Jumble Challenge

This is a take-home challenge for a Big Data role. The instructions provided are included as SparkExercise.txt

There are 5 jumble puzzles, puzzle[1-5].jpg that were transformed into JSON format for ingestion, puzzle[1-5].json with the following format:

List[ Dictionary {key: "1-word jumble", value: List [final jumble character positions]}, List [final jumble word lengths] ]

Included are solution files: Jumble.ipynb jumble_spark.py (derived from Jumble.ipynb)

This challenge was completed running the included Jyupter notebook. Relevant library versions:

Anaconda 4.6.14

PySpark 2.4.3

Jupyter 1.0.0

I would recommend running the Jumble notebook, to easily replicate the results and output, but you are free to treat the notebook as a driver to submit via command line, hence the provided jumble_spark.py file.

The Solution

1. Leveraging the included freq_dict.json to create a dictionary of word-frequency key-value pairs; we load this into a Spark Dataframe. This dataframe is augmented with the sorted characters of the word to provide quick lookup for words that can match a sorted character jumble. This dataframe, df_sorted_characters, is cached as the primary lookup table.

2. For each Jumble puzzle...

3. Take the 1-word jumbles, find every word that is a possible match by sorting the character jumble and matching against the lookup table, df_sorted_characters. Do the same lookup for each successive 1-word jumble and join these results to form all possible combinations of the 1-word jumbles.

4. Get the possible characters for the final jumble from all combinations, and take their distinct results as some may be repeating

5. Now, for all of these character combinations for the final jumble, join against possible n-letter words which have characters that are a subset of the final jumble characters.

6. Do this for successive m-letter words, merging the character list and ensuring they remain a subset of the final jumble characters

7. This returns all combinations of words that are candidates for the final jumble.

8. Decision algorithm is to return the word with the lowest merged frequency greater than 600.

Notes

The logic behind the decision algorithm is that a phrase with a merged frequency lower than this is likely composed of stop words (e.g. "and", "or", "but"). 600 happens to be the lowest whole hundred number bound that could have potentially returned the result for puzzle 5, "vested(0) interest(652)". This threshold could be deteremined through emperical methods. It should be noted that the freq_dict is pretty lacking as a language model, we could improve our predictions by including more frequency data or by leveraging an actual language model.

Since there are a number of solutions with words that have frequency in the freq_dict as 0, we could only achieve these by doing very expensive cross-join operations. Ideally we would be able to filter out words with freq=0 and freq > some threshold.
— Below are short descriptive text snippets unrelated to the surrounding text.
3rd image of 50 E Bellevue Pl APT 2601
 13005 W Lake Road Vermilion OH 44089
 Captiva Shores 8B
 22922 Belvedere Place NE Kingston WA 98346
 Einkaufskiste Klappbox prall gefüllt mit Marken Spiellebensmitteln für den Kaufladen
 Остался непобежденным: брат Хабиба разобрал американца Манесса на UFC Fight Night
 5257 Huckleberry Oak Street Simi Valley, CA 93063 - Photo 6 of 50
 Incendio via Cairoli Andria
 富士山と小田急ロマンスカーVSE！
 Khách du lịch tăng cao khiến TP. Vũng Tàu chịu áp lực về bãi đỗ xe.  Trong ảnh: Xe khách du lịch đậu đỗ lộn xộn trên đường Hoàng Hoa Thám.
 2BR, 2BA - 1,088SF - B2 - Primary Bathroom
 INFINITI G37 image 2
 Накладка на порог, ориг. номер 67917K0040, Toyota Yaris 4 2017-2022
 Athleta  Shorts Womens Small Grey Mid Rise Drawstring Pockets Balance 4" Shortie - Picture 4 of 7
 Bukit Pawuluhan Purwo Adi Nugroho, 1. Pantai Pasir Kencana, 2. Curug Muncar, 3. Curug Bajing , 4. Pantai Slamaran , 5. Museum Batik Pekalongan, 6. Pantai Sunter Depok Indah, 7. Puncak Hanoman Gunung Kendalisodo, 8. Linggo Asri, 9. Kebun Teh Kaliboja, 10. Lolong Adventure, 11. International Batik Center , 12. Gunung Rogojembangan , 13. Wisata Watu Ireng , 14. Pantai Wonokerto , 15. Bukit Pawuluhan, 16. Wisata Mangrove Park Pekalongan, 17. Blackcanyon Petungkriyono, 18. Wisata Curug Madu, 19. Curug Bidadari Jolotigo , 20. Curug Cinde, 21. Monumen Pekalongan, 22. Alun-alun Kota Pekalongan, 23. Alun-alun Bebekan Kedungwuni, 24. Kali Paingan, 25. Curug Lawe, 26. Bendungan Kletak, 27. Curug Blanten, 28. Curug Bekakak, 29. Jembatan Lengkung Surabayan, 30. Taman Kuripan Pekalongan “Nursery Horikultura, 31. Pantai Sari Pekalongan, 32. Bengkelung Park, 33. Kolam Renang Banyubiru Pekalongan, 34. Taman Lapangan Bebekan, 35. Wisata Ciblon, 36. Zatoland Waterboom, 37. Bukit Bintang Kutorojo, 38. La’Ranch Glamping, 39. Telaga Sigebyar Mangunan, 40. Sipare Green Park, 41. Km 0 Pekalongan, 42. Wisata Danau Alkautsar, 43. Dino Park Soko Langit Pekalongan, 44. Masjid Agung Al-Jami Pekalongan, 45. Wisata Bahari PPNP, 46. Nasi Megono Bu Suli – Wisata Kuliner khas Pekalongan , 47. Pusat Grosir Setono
The actual solutions for the puzzles are:

1 : "jab well done",

2 : "bad hair day",

3 : "rash decision",

4 : "addition",

5 : "vested interest"

Running on 16GB of RAM and utilizing 4-cores on the local machine the current runtimes and solutions were:

1 : ~16min, "job waly need"

2 : ~10min, "day mabi dec"

3 : ~1.8min, "head incisors"

4 : ~0.5min, "addition"

5 : ~6.3min, "veldts interest"

Only jumble 4 is solved correctly. If we print additional candidates, we see that the answers for jumble 3 and 5 are only a few positions off from the best given answer. This is because of the increased search space for candidate characters for the final jumble, the increased number of words that need to be predicted, and the large number of 3-gram and 4-gram words compared to the 7-gram and 8-gram words in the last 3 puzzles.